*** Provided data Section Begins ***

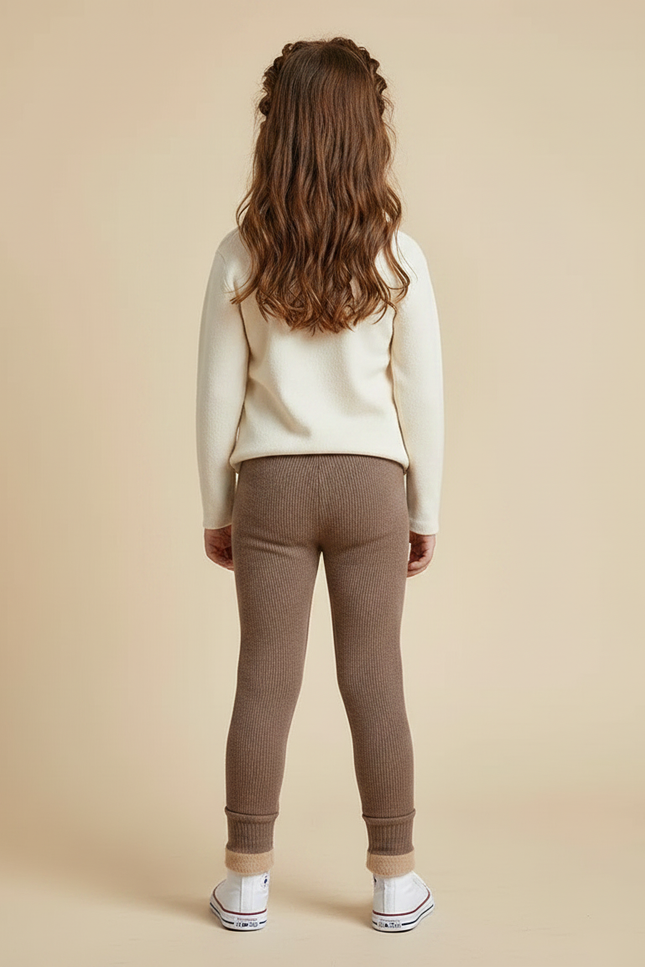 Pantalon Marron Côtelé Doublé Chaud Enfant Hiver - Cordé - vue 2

*** Provided data Section Ends ***
*** Provided data Section Begins ***

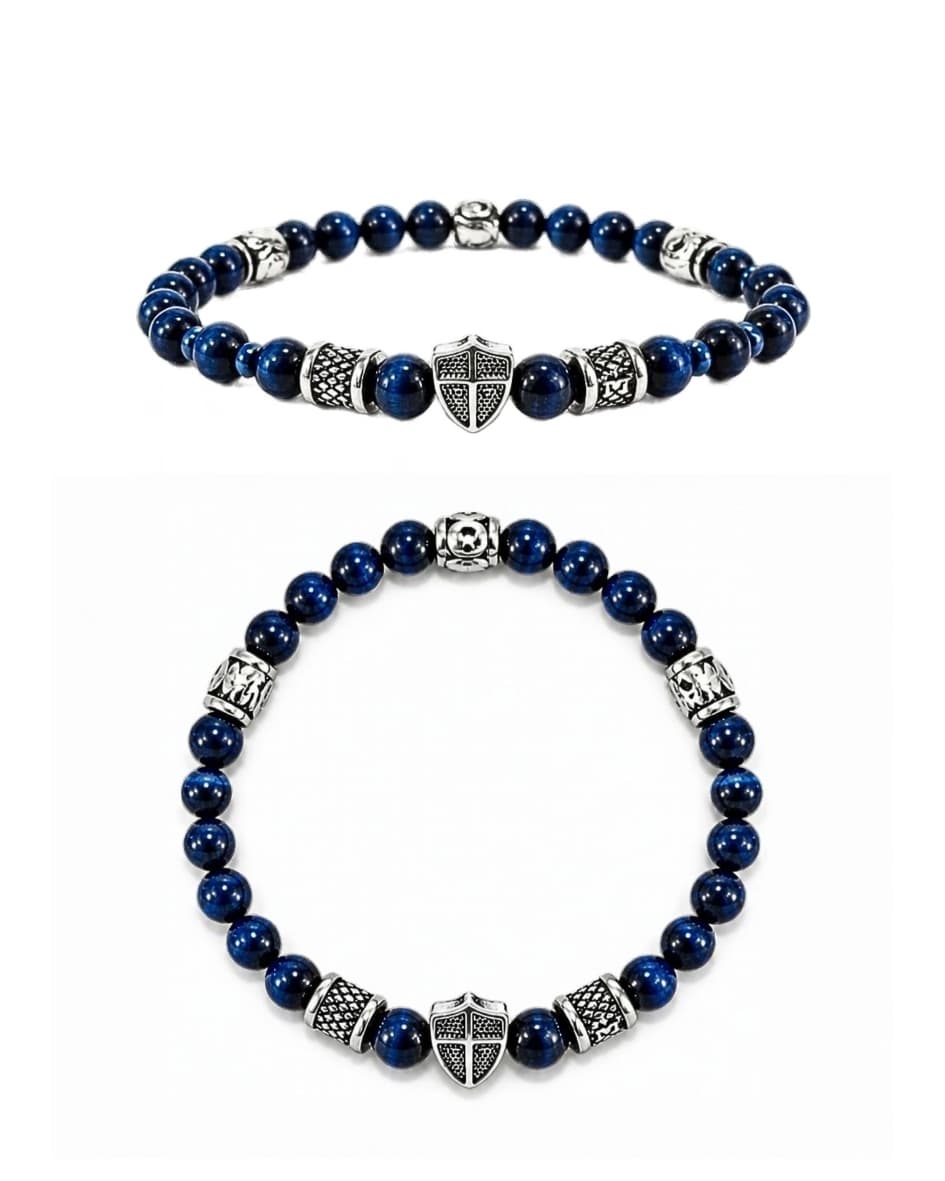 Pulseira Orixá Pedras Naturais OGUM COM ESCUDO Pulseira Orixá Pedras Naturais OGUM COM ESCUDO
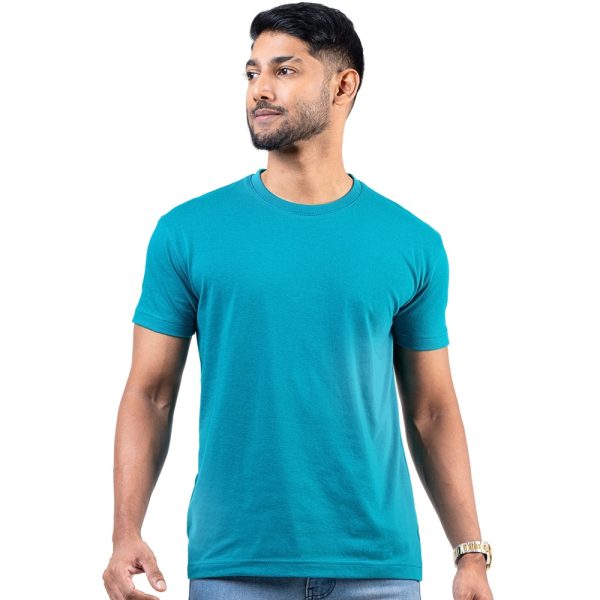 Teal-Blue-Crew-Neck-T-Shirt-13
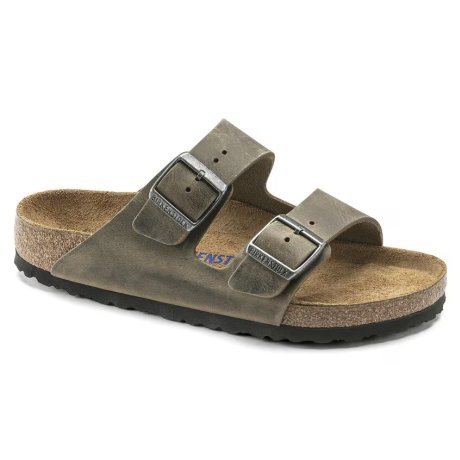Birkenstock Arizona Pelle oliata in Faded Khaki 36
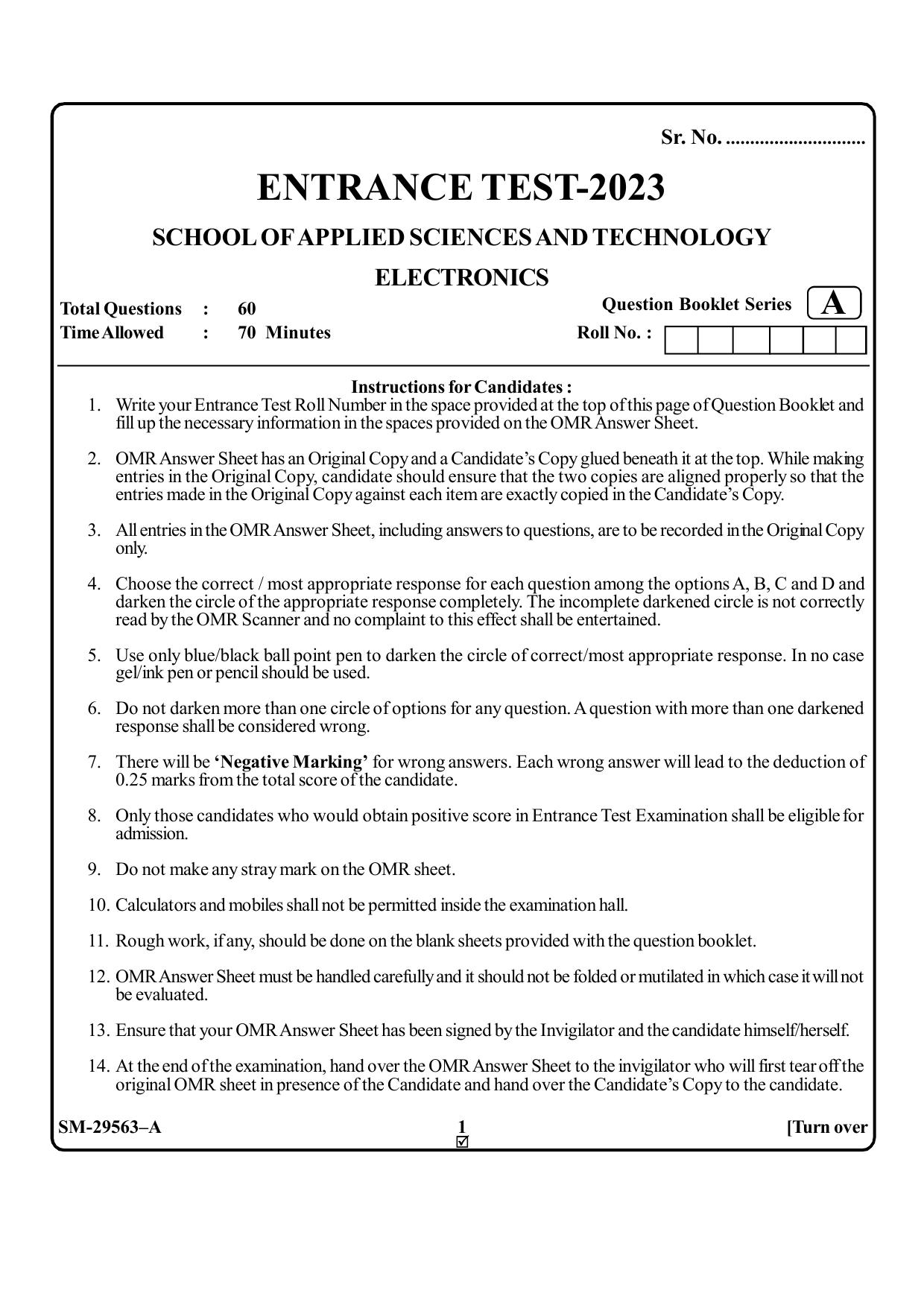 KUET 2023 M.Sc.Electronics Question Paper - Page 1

*** Provided data Section Ends ***
*** Provided data Section Begins ***

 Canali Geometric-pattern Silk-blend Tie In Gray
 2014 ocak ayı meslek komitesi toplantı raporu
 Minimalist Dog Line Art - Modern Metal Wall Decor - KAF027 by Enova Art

*** Provided data Section Ends ***

What to do
The required answer is the exact run of lines above starting at the line with "2014 ocak ayı" and ending at the line with "Minimalist Dog Line", with both ends present.

Solution below
 2014 ocak ayı meslek komitesi toplantı raporu
 Minimalist Dog Line Art - Modern Metal Wall Decor - KAF027 by Enova Art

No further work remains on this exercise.